You’d be hard pressed to judge fans of the Red Deer Rebels who wondered what was going on with their favourite team after the local WHL club opened 2011 with three straight losses.
It was, after all, their longest winless streak of the year, and included a 7-3 loss to Saskatoon, a 5-4 setback to Prince Albert, and a 2-1 shootout loss to Regina.
But what happened next was simply magical as the Rebels reeled off 11 straight wins, their longest streak since the 2002-2003 season, to close out January with an 11-2-0-1 record, sitting comfortably in top spot in Central Division and second place in the Eastern Conference.
“Everybody looks for reasons why you’re not having success and when things aren’t going well, it’s either you’re not working hard enough or this or that,” said Rebels Head Coach and Vice President of Hockey Operations Jesse Wallin when asked how his club was able to go on such a run after opening the year with just one point in three games.
“The fact of the matter is you need some experience and you need some depth and we’ve been working with a group here that has come to that point.
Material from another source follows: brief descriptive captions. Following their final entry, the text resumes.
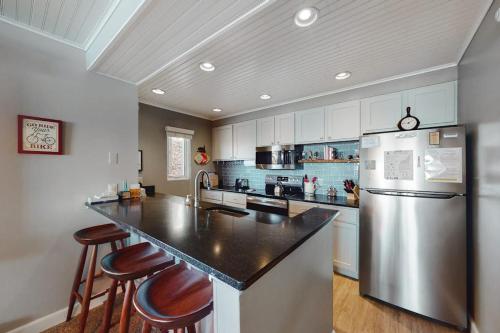 Ship Watch 1 2 in Glen Arbor, USA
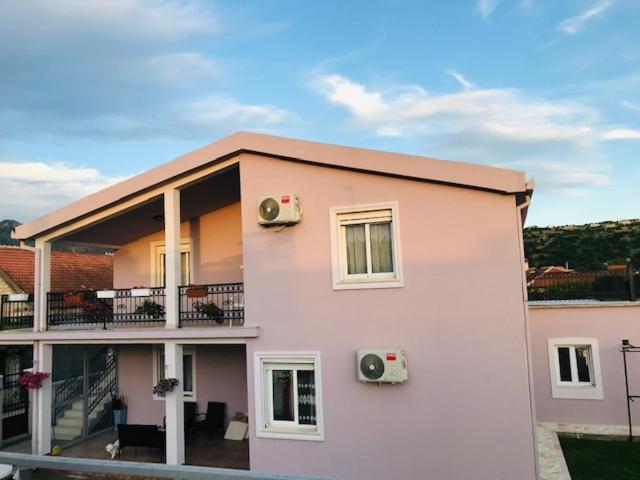 Apartman Mona Podgorica Bagian luar foto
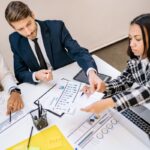 Profesionales revisando documentos en una reunión de trabajo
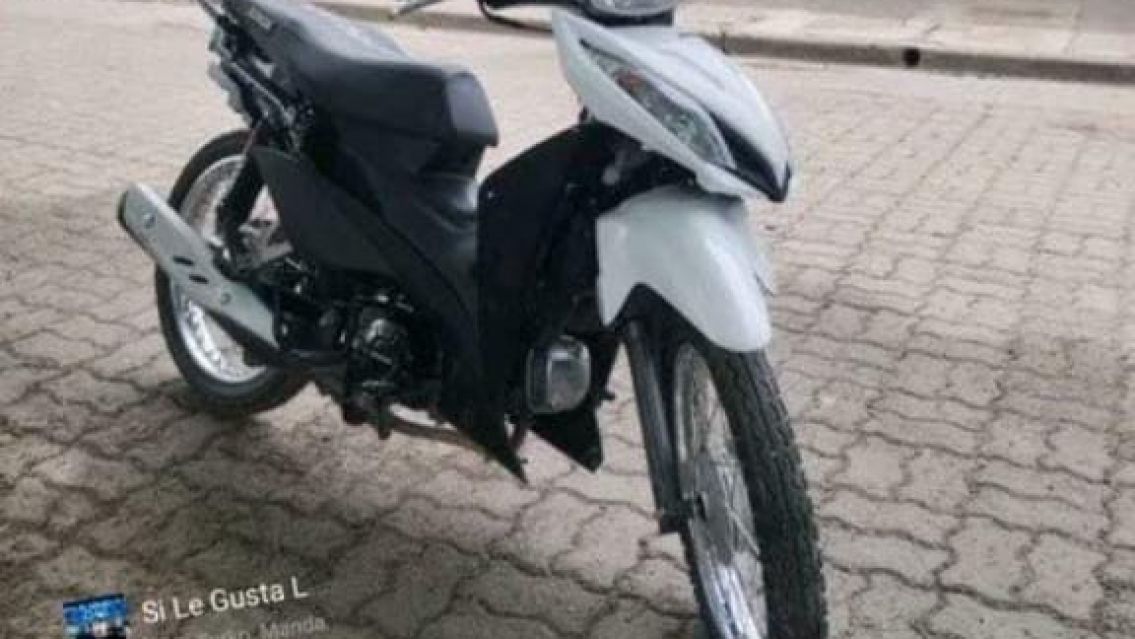 Le robaron la moto a un juje�o en Palpal� y pide ayuda para recuperarla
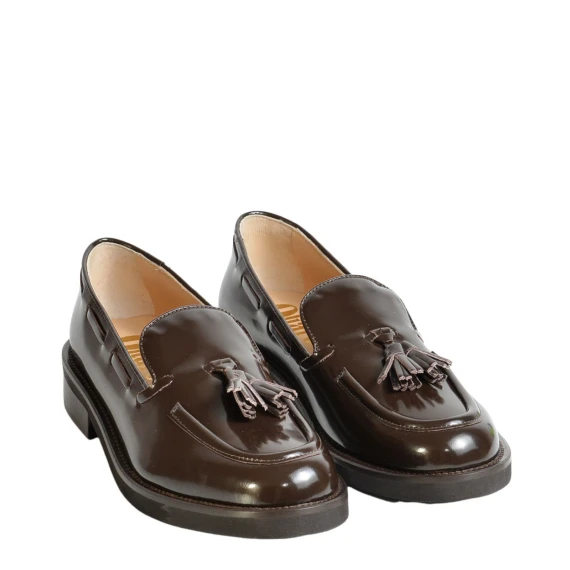Mocassino in pelle ebano con nappine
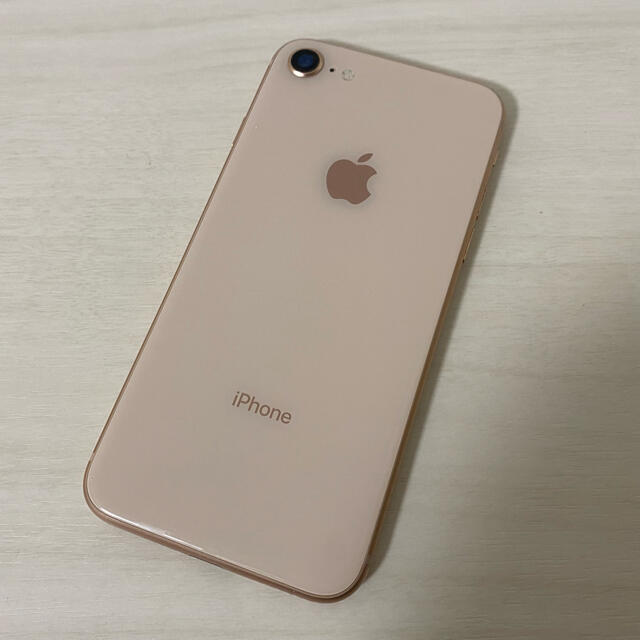 Apple(アップル)のiphone8 ゴールド スマホ/家電/カメラのスマートフォン/携帯電話(スマートフォン本体)の商品写真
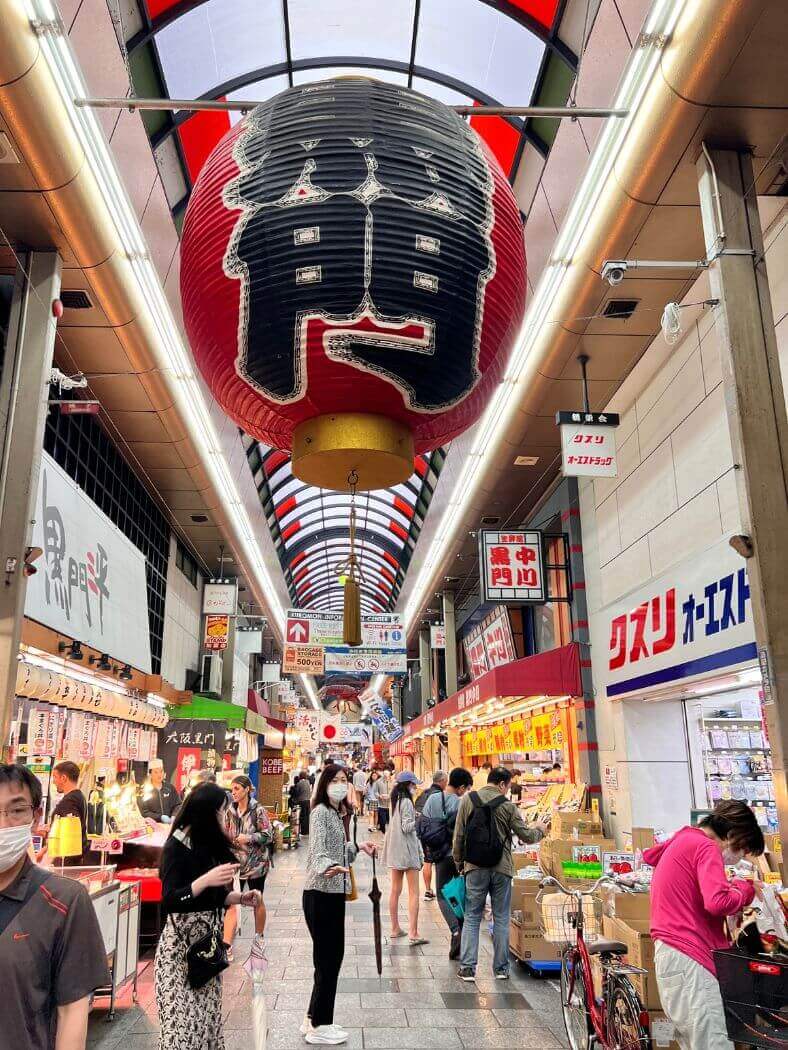 Mercado Kuromon con su linterna característica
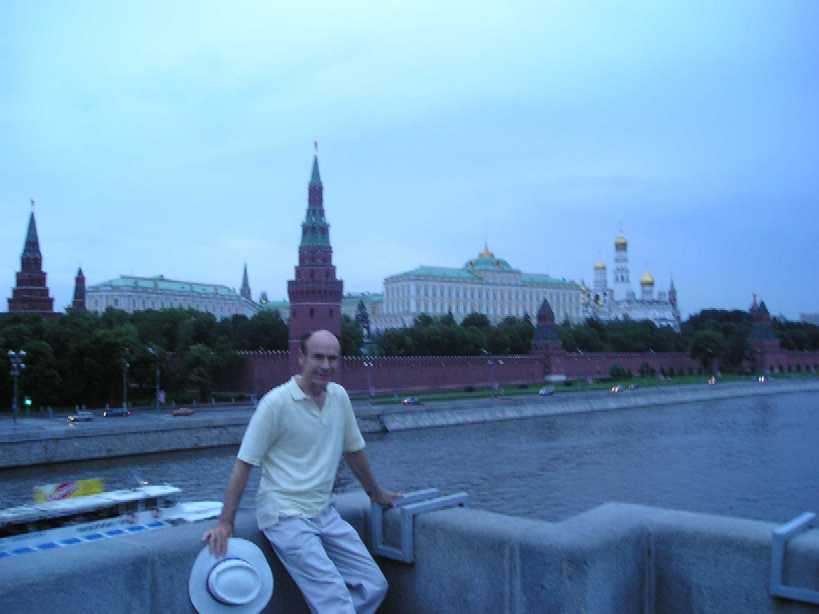 03  7  7  Neal on bridge over Moscow R. with Kremlin bgrnd  P7070287 reduc40pct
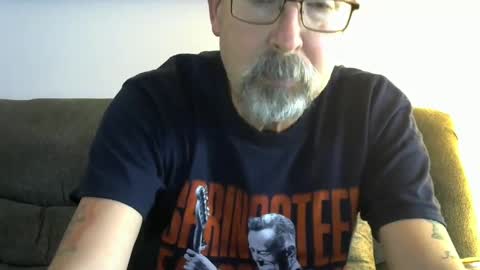 Snapshot of meathome3 chatting on January 29, 2025, 1:49 pm me at home online show from January 29, 2025, 1:49 pm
They have some experience, they have some depth and you gain confidence through that. Guys like Turner Elson and Adam Kambeitz improved a tremendous amount over the course of last season and we’re seeing that this year. John Persson has taken a big step this year, Ryan Nugent-Hopkins is in his second year, Daulton Siwak is in his second year, and all those kids have taken steps this year and they’re good players.”
Last season, the Rebels clinched their first playoff spot in a couple of seasons in late February, and then struggled, at one point going winless in eight, to close out the regular season before eventually suffering a first round sweep at the hands of the Saskatoon Blades.
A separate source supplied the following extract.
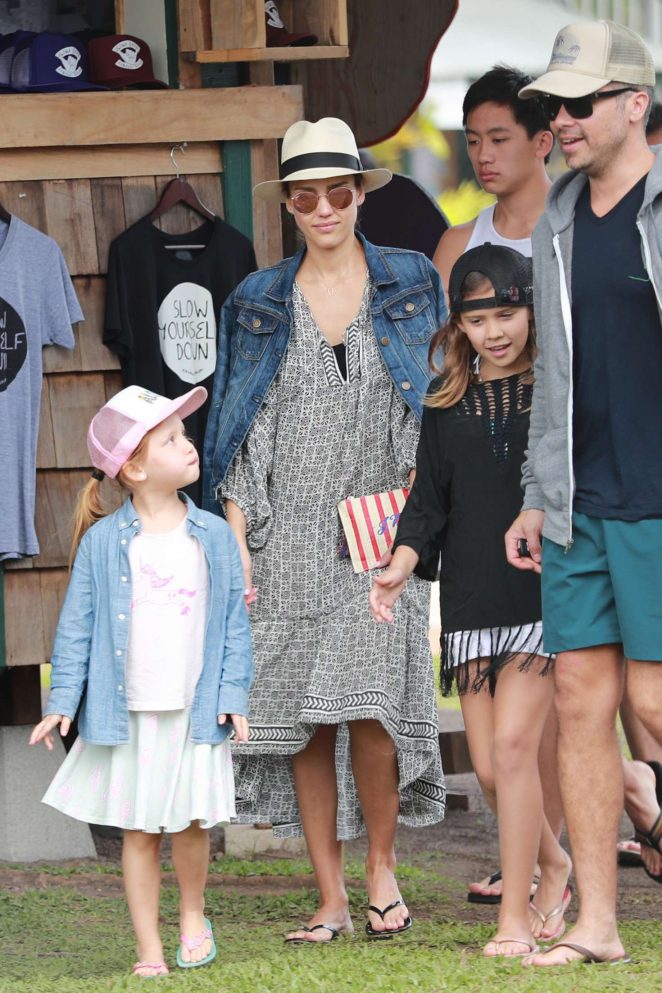 Jessica Alba with family on vacationing in Hawaii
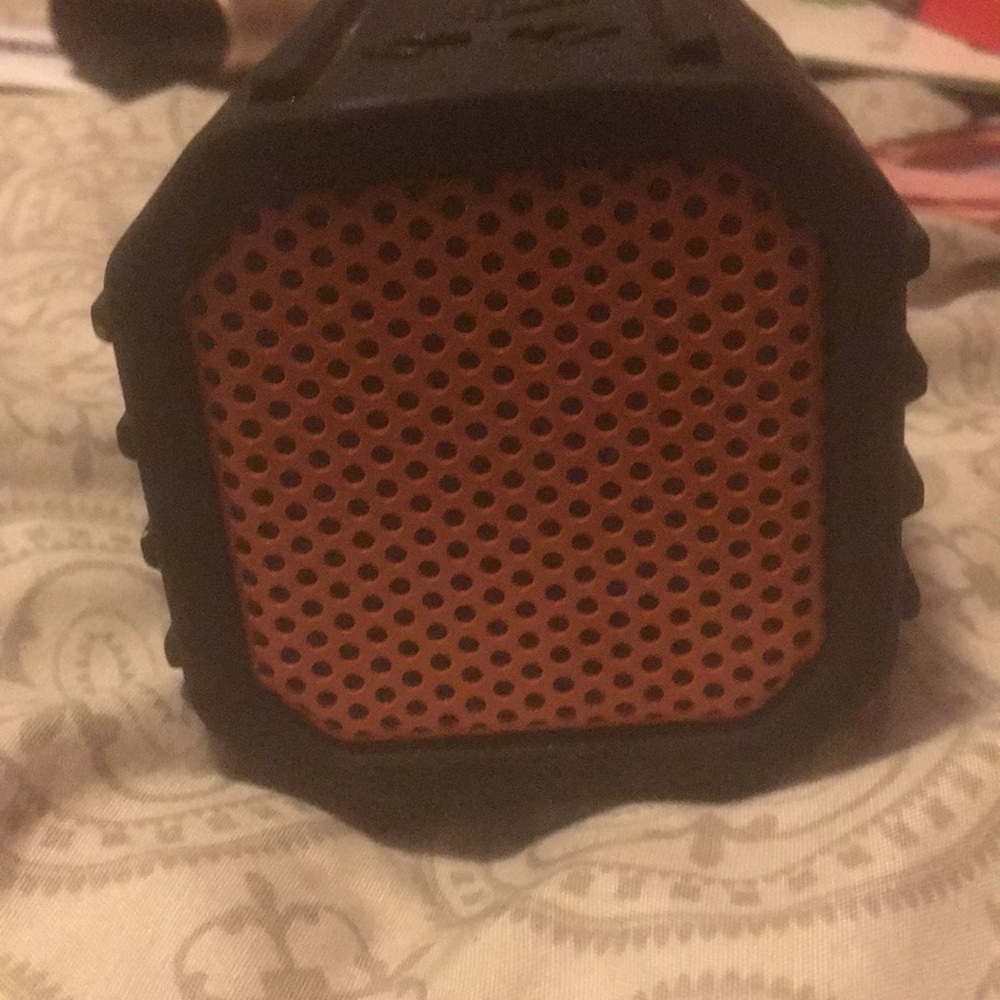 Mini ecoxgear speaker.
And while it might not have sat well with some fans, Wallin says those struggles were necessary to endure to get the club to where it is today.
“Its experience and maturity, that’s the biggest thing,” Wallin said.
“Last year we took a good step and I know it was disappointing to lose in the first round of the playoffs but I considered last season a big success in a lot of ways, and the steps that we took. I think a lot of the work that we’re seeing pay off this year was done by these kids last year. As disappointing as the playoffs were last year, it was a growing experience. These guys all got their feet wet and saw how the level rises in the playoffs and I think all those experiences are things that they’ve have grown from this year and hopefully pay dividends as we continue moving forward.”
It should also be noted that Wallin and the coaching staff sat down with the team hours before they kicked off the streak with a big win over Kootenay, just two days before the trading deadline, and told them no one would be moved and that the team they had was the team they would move forward with.
“I’m sure there were certain guys that were uptight, and I look at Brett Ferguson,” said Wallin when asked if the lack of movement had an impact on how the team did after the deadline.
“I think there was always the question as to whether or not Willie Coetzee would be coming back and I’m sure that weighed on him a little bit. Once January 10 hit, and Fergy’s a guy who had a pretty good month of January (nine goals and 22 points) and maybe part of that is that he was able to relax a bit. It’s not something I’ve ever spoken to him about but as a young guy, you think about those kinds of things and they weigh on your mind a bit. We’ve got a very tight knit group here and it was really important to us to keep that.”